An auction of items was held at the ground and saw 500 of the seats sold to League of Wales side Caernarfon Town while what was said to be the oldest working football turnstile in the country, was sold for £3,050 to a local Shrewsbury Town fan who admitted afterwards she was not sure what to do with it. Something of a museum piece, according to an unsubstantiated legend the turnstile had originally been located at the old Crystal Palace ground used for Cup Finals in the 1890s.
Demolition of the stadium began In September 2007 and within a month it was reduced to rubble. In 2009 building commenced on an estate of 62 town houses and 117 apartments and in 2012 the first residents moved in to what was named The Old Meadow with construction completed in 2015.
The new 9,875 all-seater stadium currently known as Montgomery Waters Meadow was brought into use in July 2007 and since then all City’s games have taken place there. While like most replacement grounds it is not as conveniently placed for the town centre as the old one it does not have the same susceptibility for flooding as Gay Meadow had due to its nearness to the river. In fact, its location almost on the bank of the River Severn was part of the unique character of Gay Meadow, with balls occasionally being kicked over the roof of the Riverside Terrace and having to be retrieved from the river. Famously, for a period of over 40 years this was done by a local man named Fred Davies who would paddle his home-made coracle out onto the river for a fee of 5 shillings (25p) for each ball recovered. By the time he was succeeded by his nephew in 1986 the fee was still no more than 50p, but in the later years of the stadium use of a boat ceased and instead a long pole with a net sufficed.
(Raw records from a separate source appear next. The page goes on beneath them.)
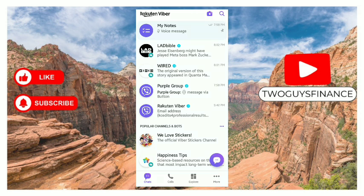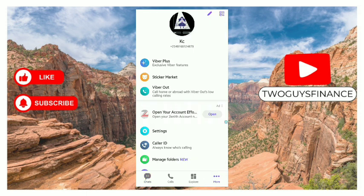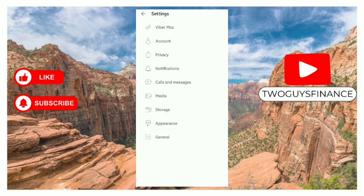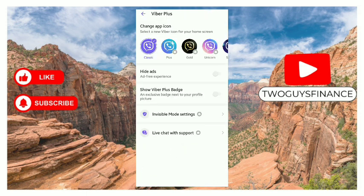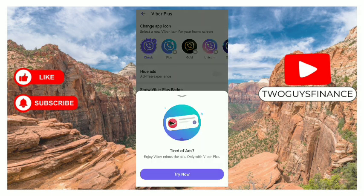Very simple. Open up your Viber app, click on the More icon at the bottom, click on the Settings icon, then click on Viber Plus, and you can see 'Hide Ads' for an ad-free experience — turn it on.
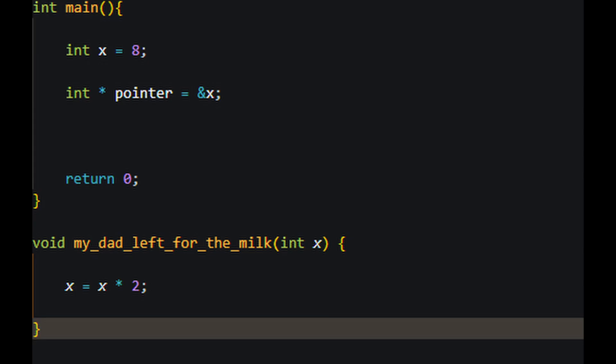As an example, if I had a function that took a variable and multiplied it by 2, I need to use a pointer. A function my_dad_left_for_the_milk tries to change the value of the variable x, but since it is another function, it doesn't change anything in the main function.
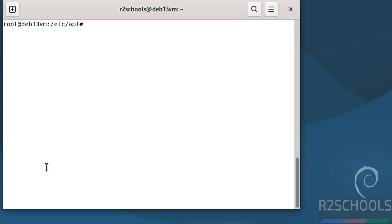So, in this video we have seen how to download and install Debian 13.0.0 on VMware Workstation. For more Linux tutorials, please subscribe to my channel. Thank you.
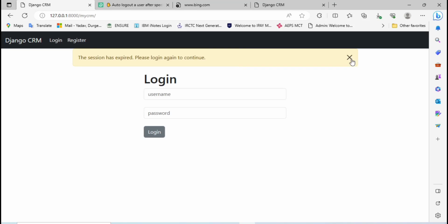Hi, in the last video we have seen how we can import and export data in Django projects in different file formats such as Excel, CSV, JSON, XML and many more. In this video we are going to see how we can add the auto logout functionality.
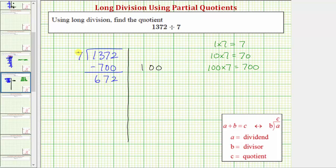We want to determine a certain number of sevens that we know for sure are in 672. Because 700 is greater than 672, there's not 100 sevens in 672, so we'll have to use a different product. We could use 10 times seven equals 70, because 70 is less than 672. But the closer the product is to 672, without being greater than 672, the better.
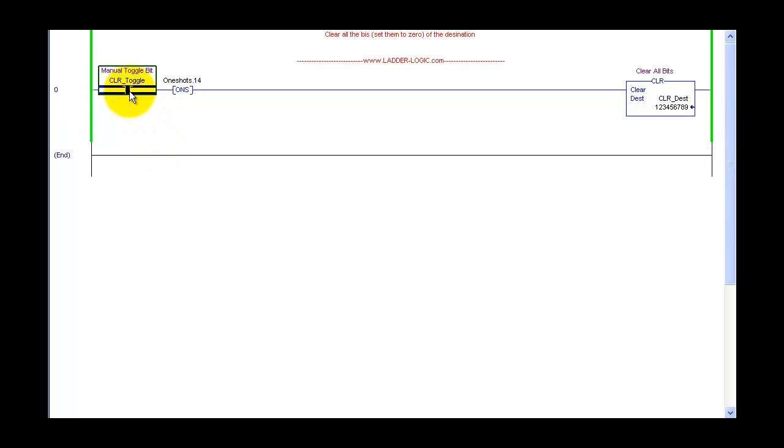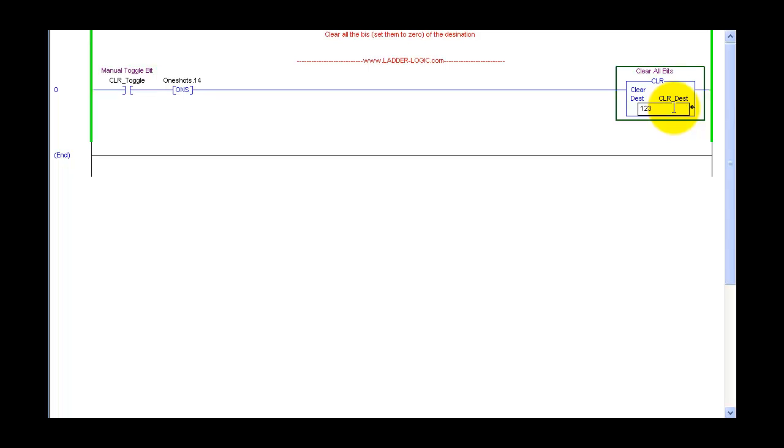We'll go ahead and toggle this bit, and as you can see it clears it. Puts a zero in there, puts a value in there, toggle the bit, clear it.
Gay Meadow must rank as one of Lincoln City’s best away grounds in terms of results achieved, although they only played a total of 17 games there. But of these, ten saw victories achieved, including in each of their last four visits there. Four of the ten wins were by 1-0, including all of the last three games, and four by 2-1 to make these the commonest scorelines.
Goals scored totalled 24, with 4-0 being the biggest winning score, with no more than two being managed in any other game while the biggest losing margin was 0-2 which only happened once although three goals were conceded on two occasions.
Twenty different players scored for City at Gay Meadow, the top scorer with three being Lee Thorpe who scored for three games in a row. No player scored more than one in a game, with Peter Graham’s brace coming in two games out of three, while Steve Holmes scored his two goals (both penalties) in successive visits. The goals scored by Sam Ellis, Graham Bressington and Ben Sedgemore were also spot kicks, making five penalties out of the total goals scored of 24.